_What to do_
Return only the lines from the one that contains "2024 nuovo Design" through the last line of the records below, exactly as they stand. Pictures are not part of the copy.

_Material supplied_
_ _ _ _

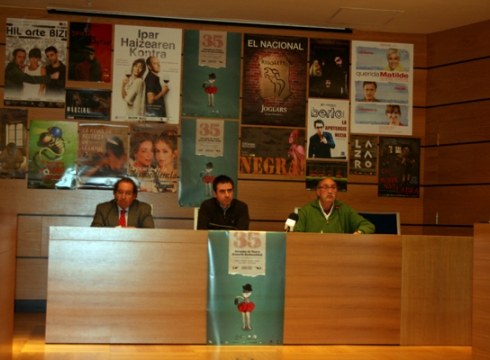 Aurkeztu dituzte 35. Eibarko Antzerki Jardunaldiak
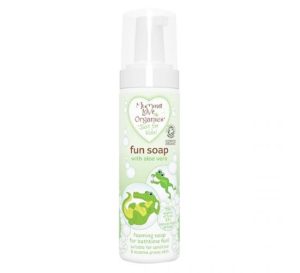 Mumma Love Organics Fun Soap With Aloe Vera 200ml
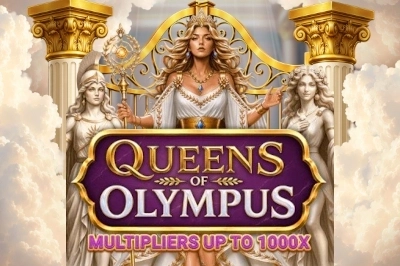 Queens of Olympus slot by Spin Joy Games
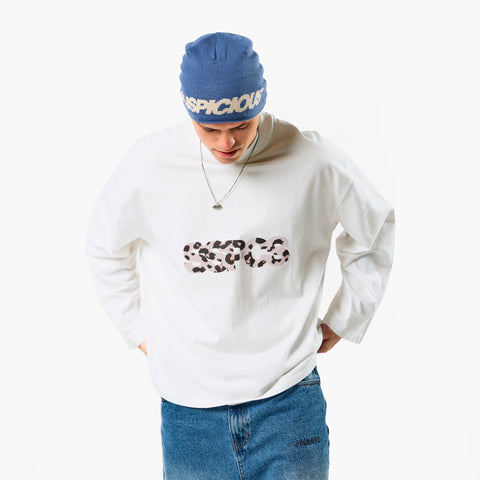 Leopard / Leopard SSPCS Longsleeve - White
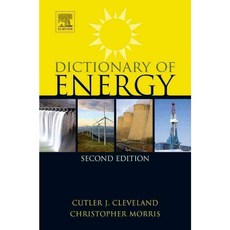 Dictionary of Energy, Elsevier Science Ltd
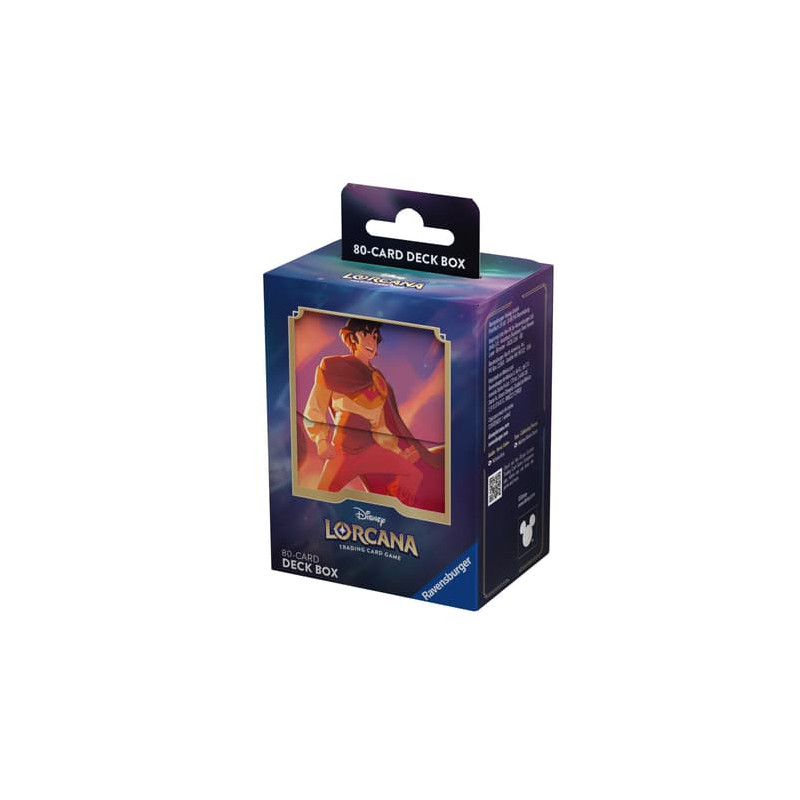 BOITE A DECK LORCANA ALADDIN / RAVENSBURGER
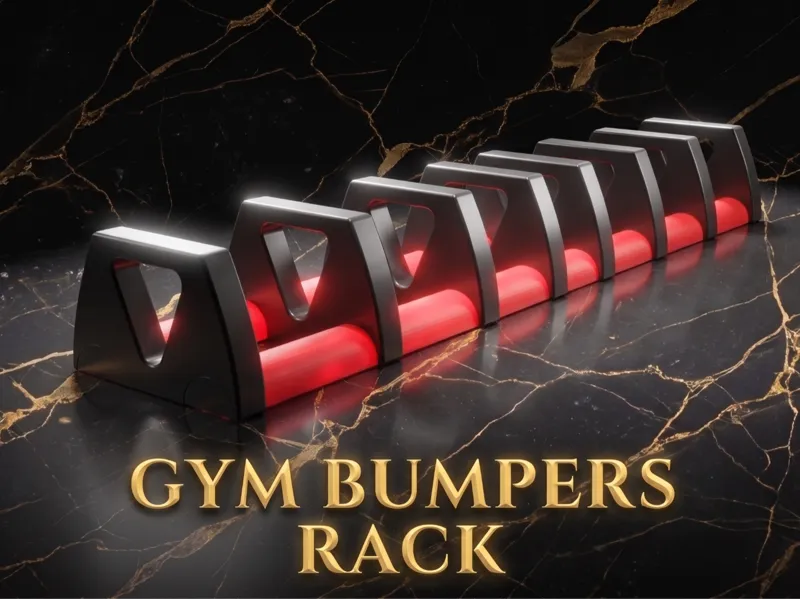 Gym Weigth Rack for Bumpers Plates
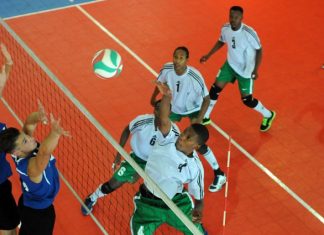 Dominica hangs on to defeat Bermuda in five sets.
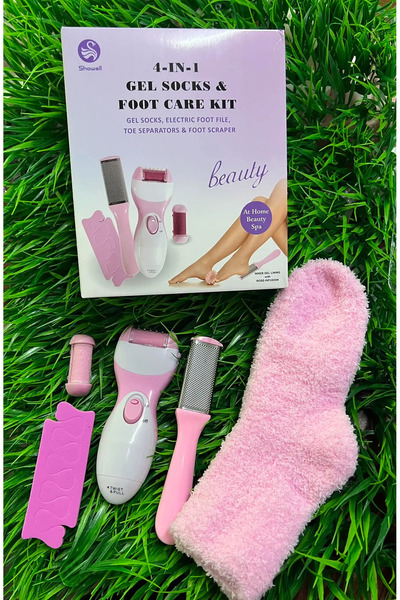 SASHA طقم أربع قطع من مجموعة العناية بالقدم من ساشا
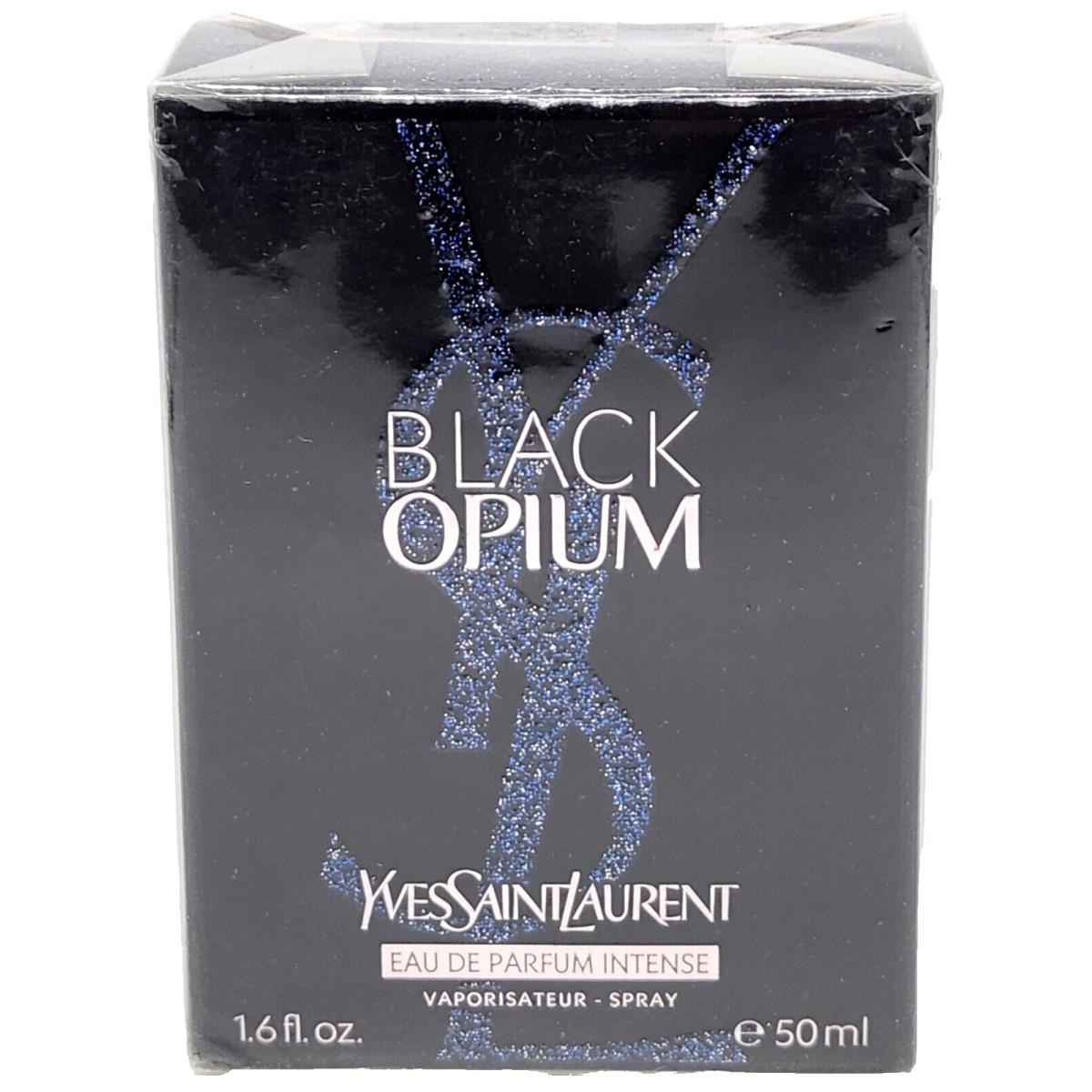 Black Opium Intense For Women By Yves Saint Laurent Eau de Parfum Spray 1.6 oz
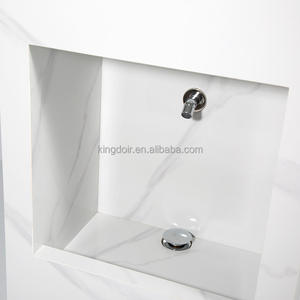 2024 nuovo Design sinterizzato pietra ardesia pietra piedistallo Wudhu bacino moschea musulmana preghiera Wudumate Wudu lavabo lavabo lavello - Product Image 6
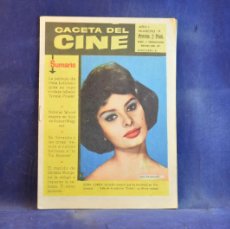Cine: GACETA DEL CINE - SOFIA LOREN - AÑO 1 Nº 3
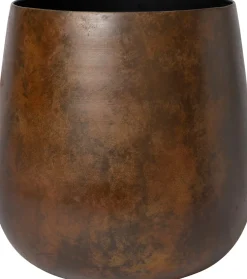 Intratuin bloempot Cesar roest D 38 H 42 cm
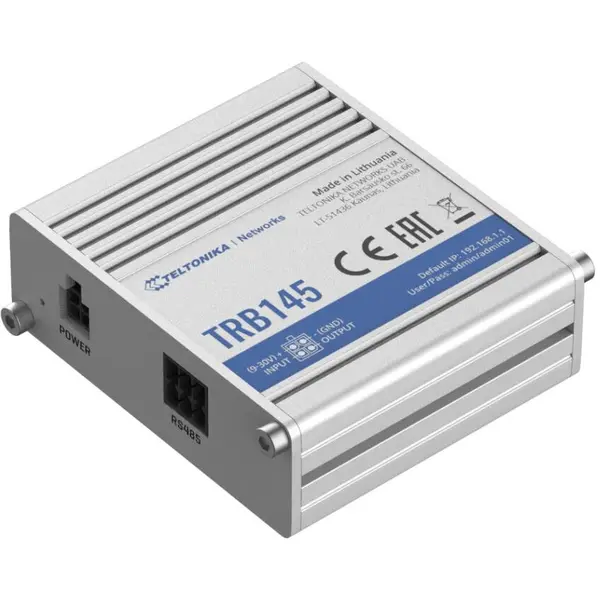 TELTONIKA Accesoriu retea Teltonika Gateway TRB145 4G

_ _ _ _

_Written answer_
 2024 nuovo Design sinterizzato pietra ardesia pietra piedistallo Wudhu bacino moschea musulmana preghiera Wudumate Wudu lavabo lavabo lavello - Product Image 6
Cine: GACETA DEL CINE - SOFIA LOREN - AÑO 1 Nº 3
 Intratuin bloempot Cesar roest D 38 H 42 cm
 TELTONIKA Accesoriu retea Teltonika Gateway TRB145 4G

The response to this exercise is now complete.